Significant decisions out-with the Strategic Commissioning Plan
Sometimes, an Integration Joint Board must make a decision that would have a significant effect on the provision of an integrated service, out-with the context of the strategic planning cycle. It must then involve and consult its Strategic Planning Group, along with users (or potential users) of the service.
Decisions for specific services and functions
While the Strategic Commissioning Plan provides the direction of travel and ambition for the Integration Joint Board, decisions about service change, service redesign, and investment and disinvestment may be made at regular meetings. These are open to members of the public who may attend but not participate, with papers and minutes available online.
Alongside this, Integration Joint Boards are required to undertake ongoing engagement and feedback with the local community, so that the views of service users, their carers, and service providers are taken into account in this continuous process of decision-making. The form of this engagement will vary between Boards and should reflect the makeup of the local community.
5.6 Local Authority decision-making
A full council meeting is the key governing body of a Local Authority, where councillors debate and take key decisions. The Local Government (Scotland) Act 1973 allows Local Authorities to devolve most decision-making to committees, sub-committees or council officers. Individual councils set out their arrangements for delegation to committees in their internal governance documents.

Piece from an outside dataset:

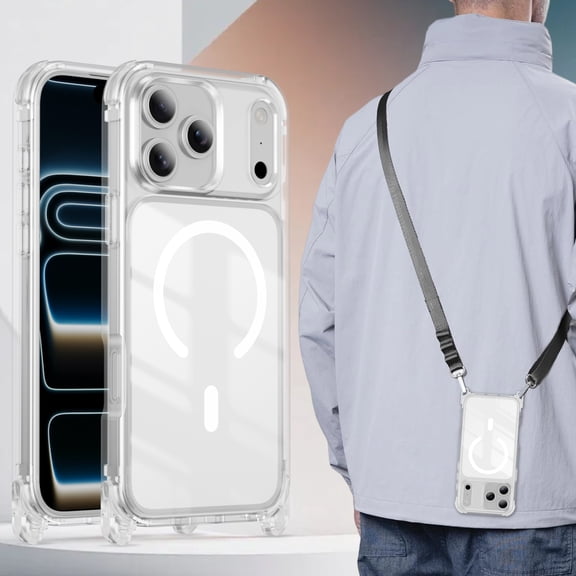 Allytechgroup for iPhone 17 Pro Magnetic Rugged Case with Lanyard, Support Wireless Charging Anti-Yellow Slim Fit Non-Slip Shell Shockproof Protective Bumper for Women Men, White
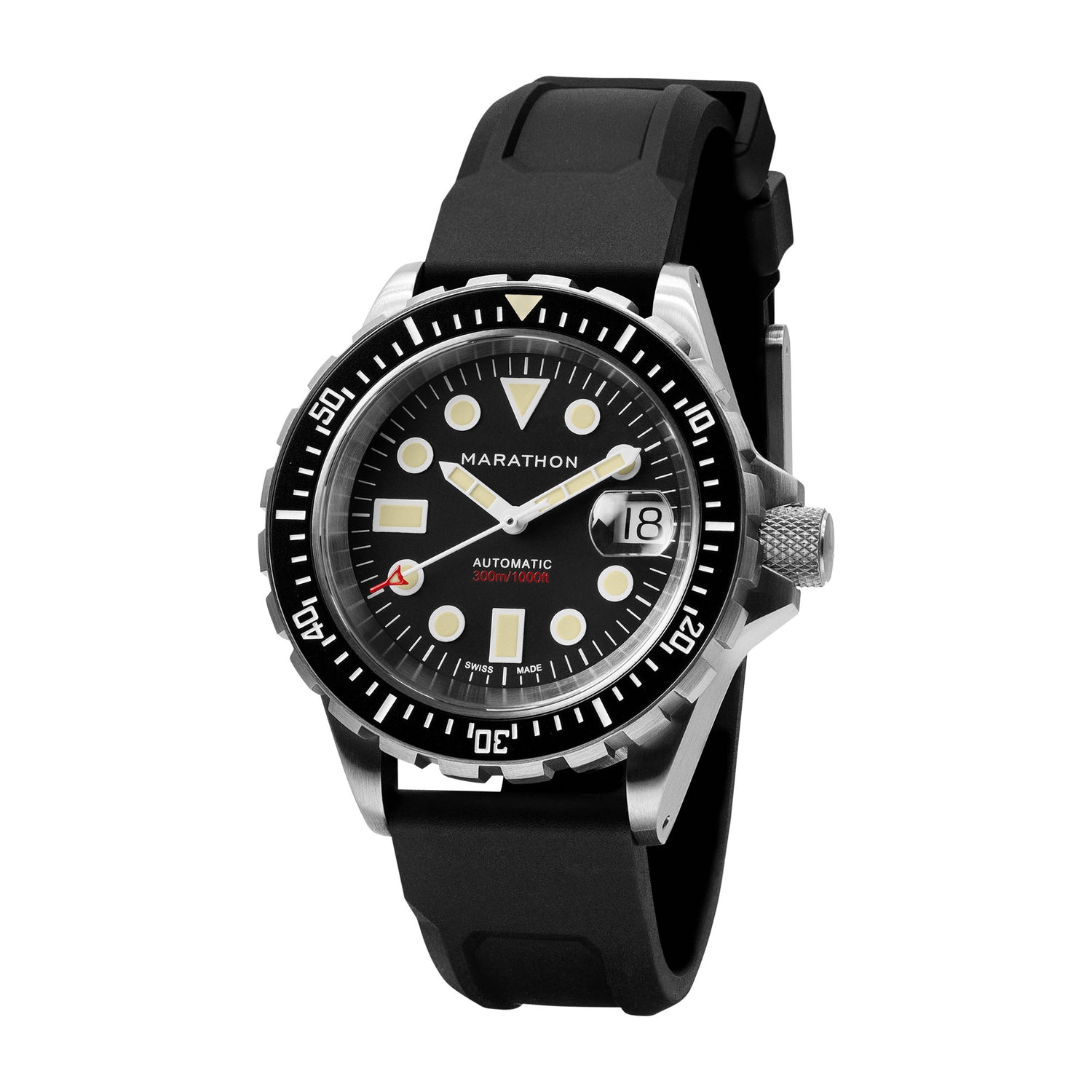 Marathon Swiss 41MM LARGE DIVER'S AUTOMATIC (OSAR-D) ON BLACK 3-PIECE RUBBER STRAP KIT - WW194006SS-2030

Legislation has been introduced to give communities a stronger say in how public services are planned and provided and to allow communities to have a greater say in local decisions and in scrutinising local services.
The Local Government (Scotland) Act 2003 gave a statutory basis to partnership working between all agencies responsible for delivering public services in an area, including Health Boards. This Act established the role of councils in facilitating the community planning process, at the heart of which is 'making sure people and communities are genuinely engaged in decisions made on public services which will affect them'.
The duty to involve people in the design and delivery of services has increased since the publication of The Christie Commission on the future delivery of public services (2011) and subsequently the enactment of The Community Empowerment (Scotland) Act 2015.
Community Planning Partnerships
There are 32 Community Planning Partnerships across Scotland, one for each council area, which represent all the services that come together to take part in community planning. Each focuses on where partners' collective efforts and resources can add the most value to their local communities, with particular emphasis on reducing inequality.